### Your objective
Images are not part of the copy; transcribe all the data exactly.

### Data section

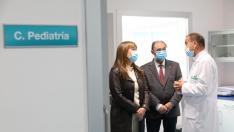 Sira Repollés y Javier Lambán en la inauguración de las Urgencias del Hospital San Jorge de Huesca.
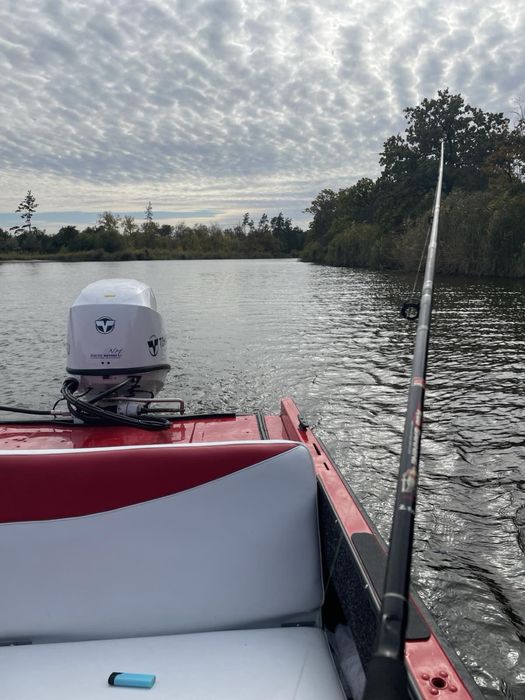 Моторний човен Крим tohatsu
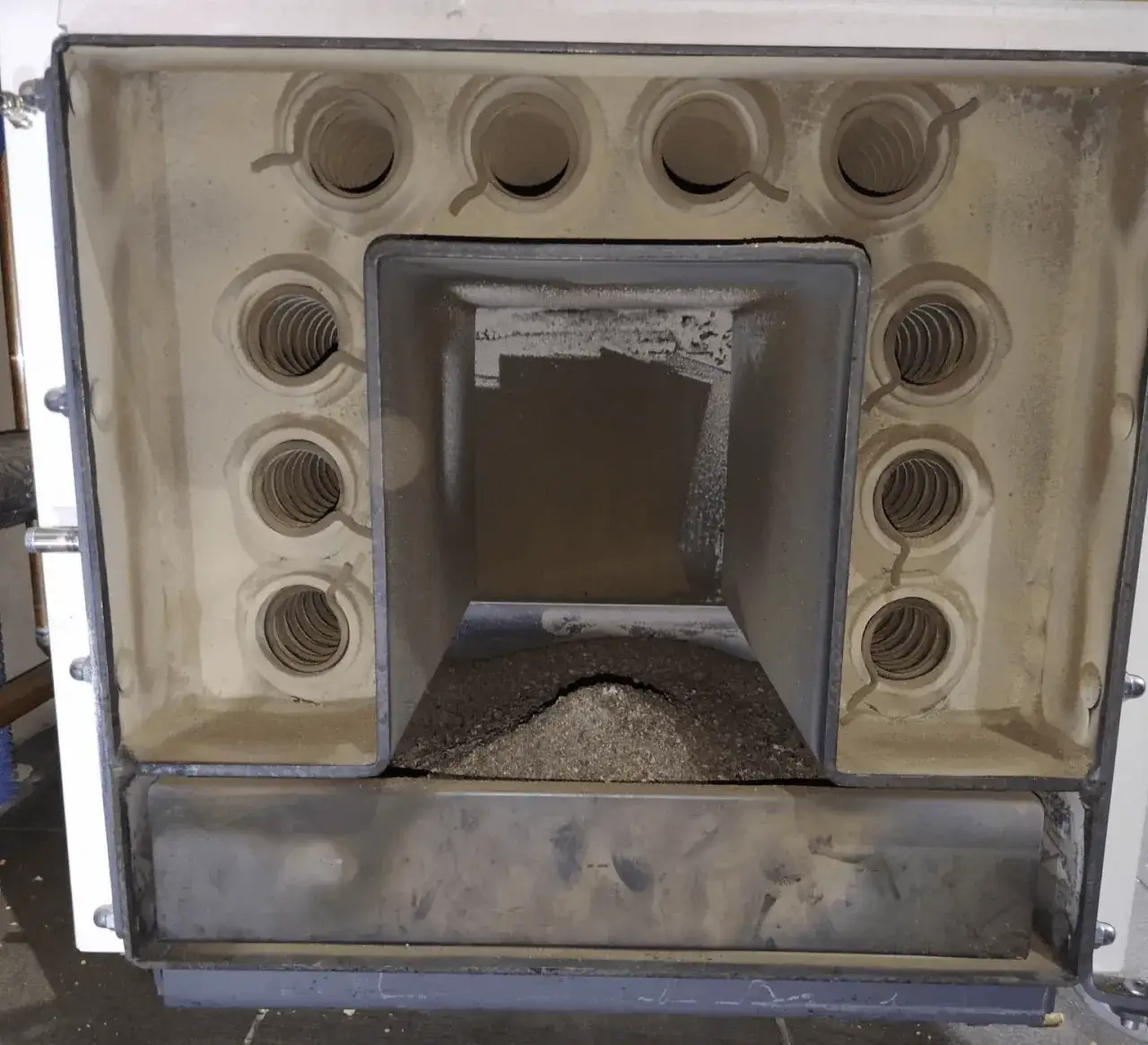 Zdjęcie Jak ustawić piec na pellet – porady z forum i rozwiązania częstych problemów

### Response area
 Sira Repollés y Javier Lambán en la inauguración de las Urgencias del Hospital San Jorge de Huesca.
 Моторний човен Крим tohatsu
 Zdjęcie Jak ustawić piec na pellet – porady z forum i rozwiązania częstych problemów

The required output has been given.